La sinistra potrebbe trovare in esse l’occasione per rigenerarsi, riallacciando un rapporto diretto con il proprio elettorato storico: attivo, consapevole, capace di visione. Lasciarsi guidare da queste energie non significa rinunciare alla leadership politica, ma radicarla nei valori che l’hanno storicamente definita: giustizia sociale, prossimità, uguaglianza.
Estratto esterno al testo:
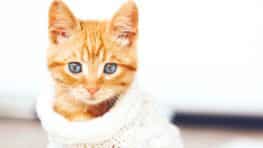 Ces raisons pour lesquelles votre chat grignote vos habits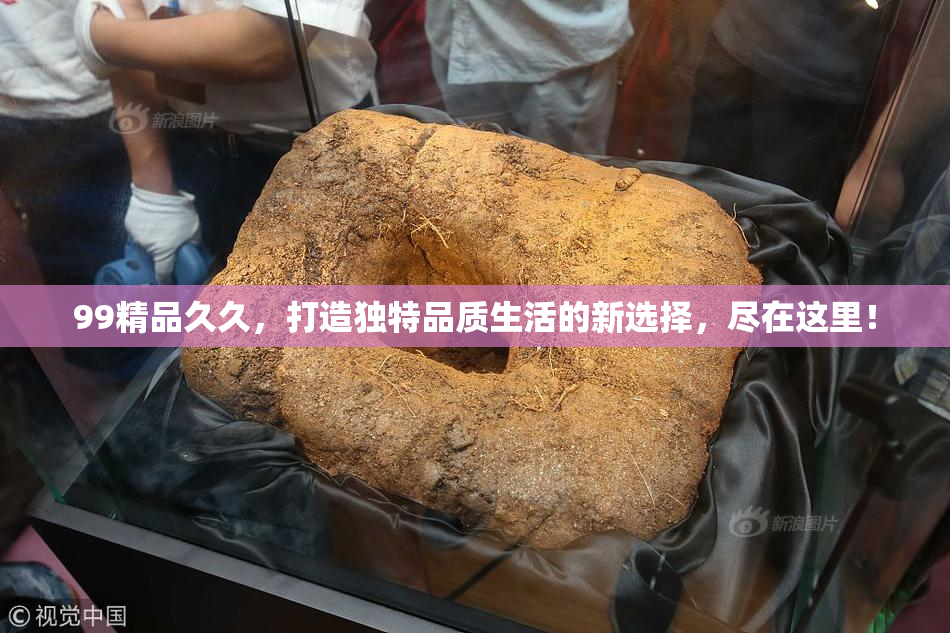 99精品久久，打造独特品质生活的新选择，尽在这里！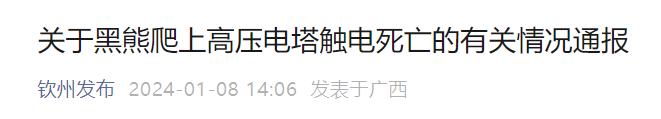 手机充电触电死亡假新闻手机充电感觉摸一下会被电-第1张图片-太平洋在线下载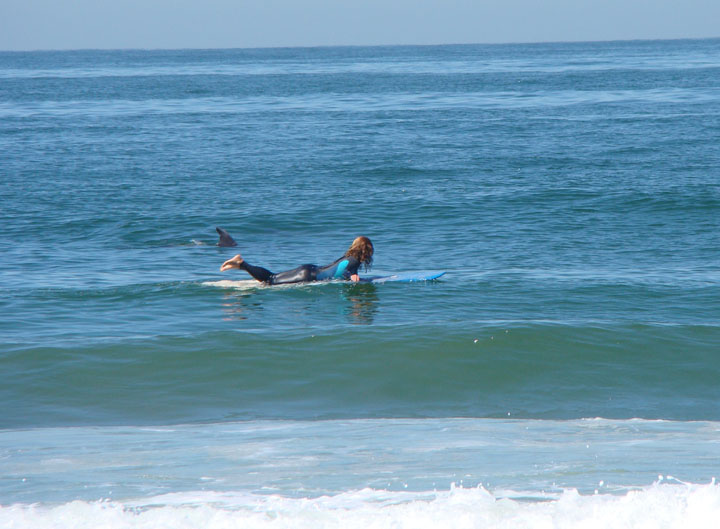 surfer-dolphin-communing-nature-hermosa
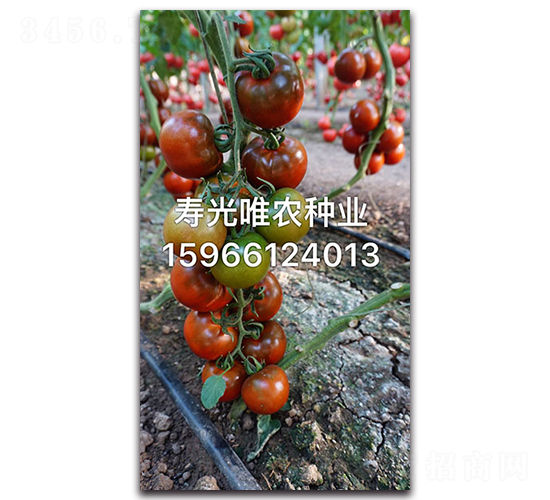 ��õ��F1-���ҷ��ѷN��-Ψ�r(n��ng)�N�I(y��)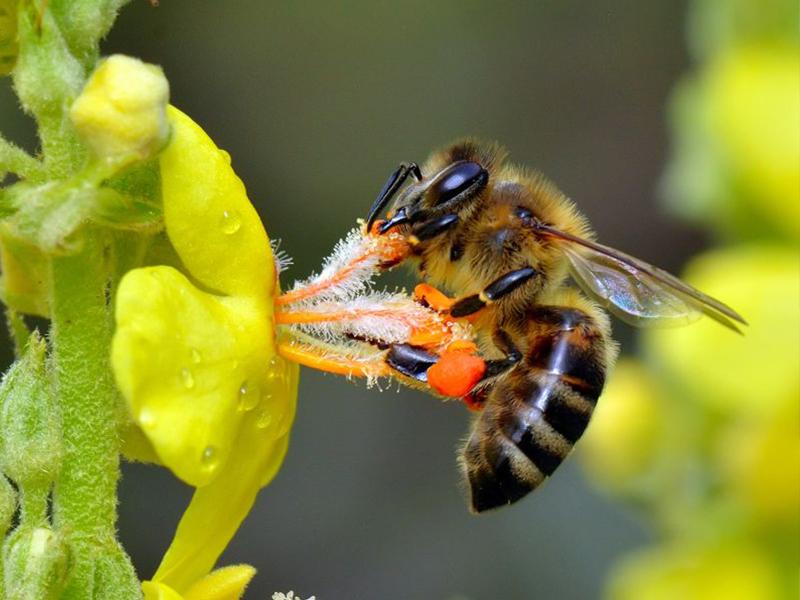 Пчелы. Фото2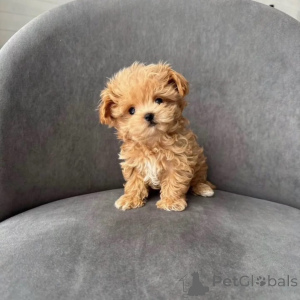 Zdjęcie №1. maltipu - na sprzedaż w Andel | negocjowane | Zapowiedź №167216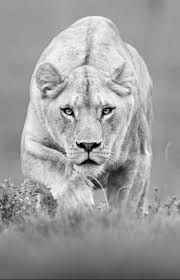 Black And White Lion And Lioness Pictures Trendy Tattoo Lion Lioness Life Ideas Animals Beautiful Lioness Tattoo Animals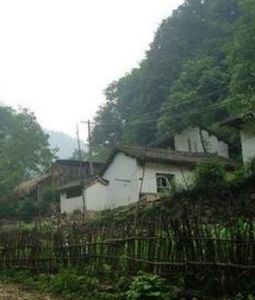 大溝口村 大溝口村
Perché tutto questo diventi possibile, serve un nuovo patto tra le forze della sinistra, istituzionali e sociali. Un’alleanza che superi logiche divisive, personalismi e strategie escludenti che hanno spesso frammentato il fronte progressista, premiando alcuni attori a scapito di altri nella sempre attuale logica governativa del divide et impera. È questa frammentazione a impedire la nascita di una forza reale dal basso, autonoma ma alleata, capace di farsi motore di una rigenerazione politica, sociale e urbana.
Ricucire i legami, dare ascolto e dignità alle voci dei territori, significa porre le basi per un progetto collettivo che restituisca senso e direzione alla sinistra del nostro tempo. Per tornare a costruire città per tutte e tutti – e con esse, una politica degna di questo nome.